# Hypothesis Testing#

In statistics, we often ask whether a given sample agrees with a given model or hypothesis. For example, suppose we have data $$\{x_i\}$$ assumed to be drawn from a Gaussian distribution, $$\mathcal{N}(\mu, \sigma)$$. Here, $$\mathcal{N}(\mu,\sigma)$$ is our null hypothesis, and we are trying to reject it to show that we measured a particular effect.

## Examples#

Example 1:

After examining a series of astronomical images, there appears to be a faint object that’s reappearing in the same location, but it’s unclear if it’s just noise.
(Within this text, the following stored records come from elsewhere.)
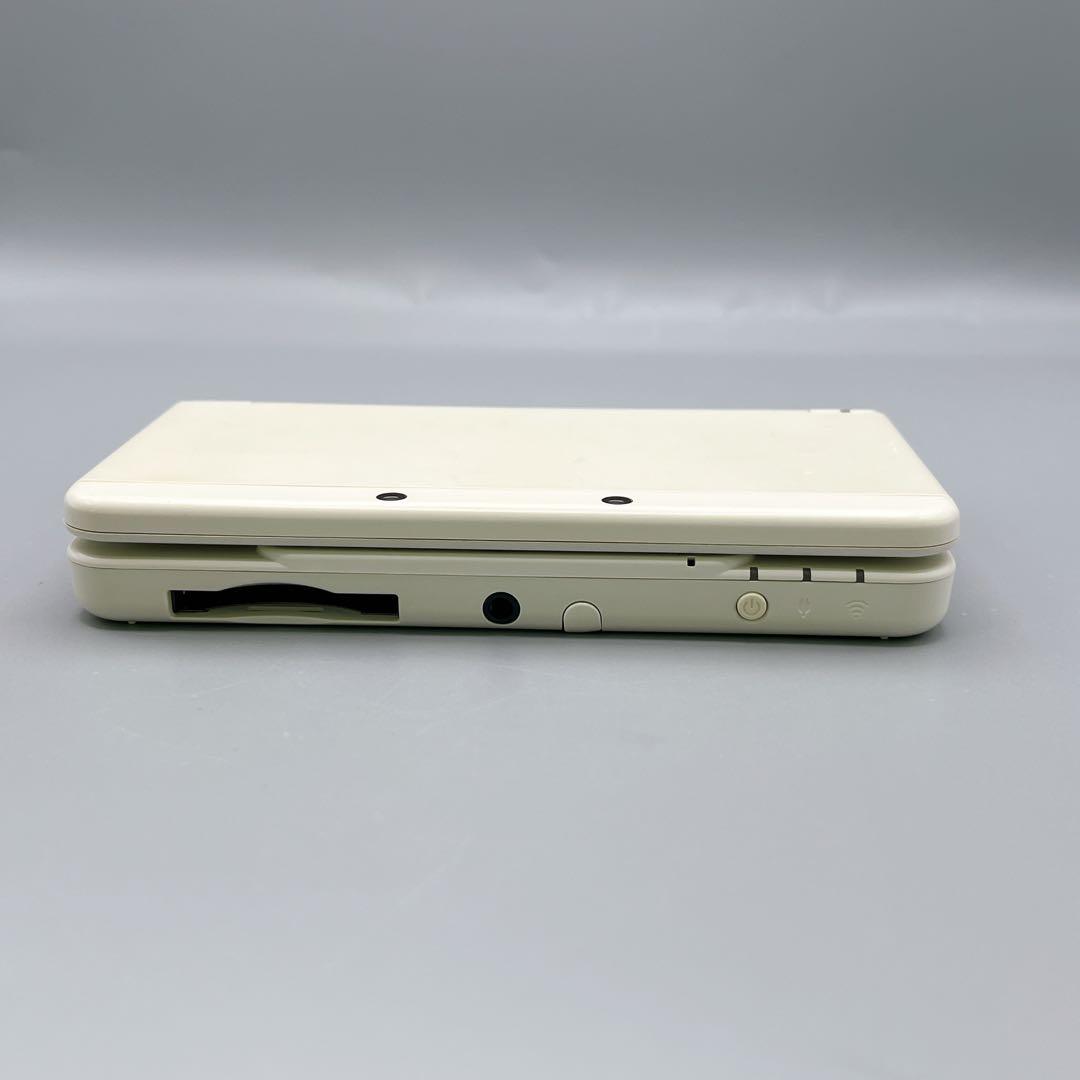1496【美品】Newニンテンドー3DS ホワイト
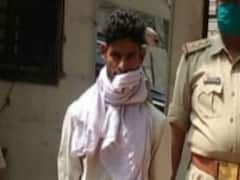 Hathras accused claims honour killing in letter to SP, calls himself innocent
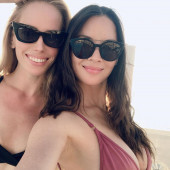 Olivia Munn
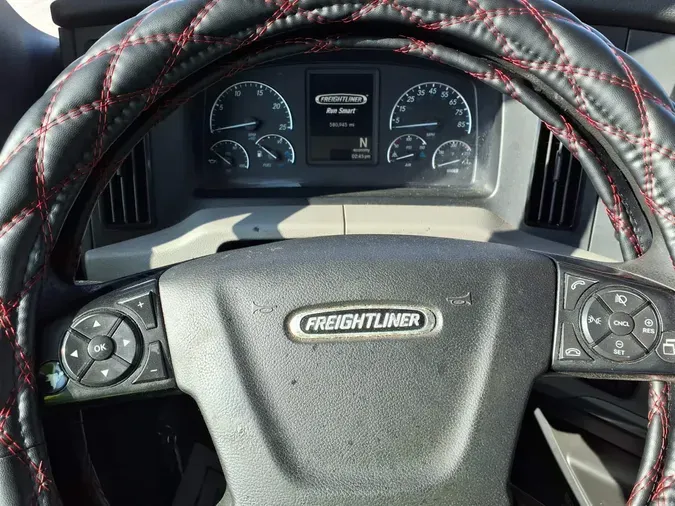 2020 FREIGHTLINER/MERCEDES NEW CASCADIA PX12664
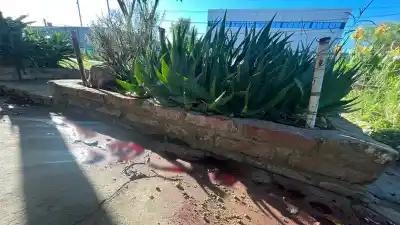 Acorraló a un motociclista en la zona sur y el desenlace terminó con una condena de 18 años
To test our hypothesis, we take multiple images of this object over the course of many nights.

• Here, the null hypothesis is that the measured brightness of this supposed object is due to background noise - if we can reject it, we have a source detection.

• The alternative hypothesis is the rejection of our null hypothesis; that is, that there is genuinely a point source in our image.

• The contribution of the source flux to this object must be substantially larger than the background fluctuation to represent a reliable detection.

Introducing the p-value! The p-value tells you the probability that your data could have occurred, assuming the null hypothesis is correct. It does this by calculating the likelihood of your test statistic, the number calculated by a statistical test using your data. The smaller the p-value, the more likely the alternative hypothesis is correct.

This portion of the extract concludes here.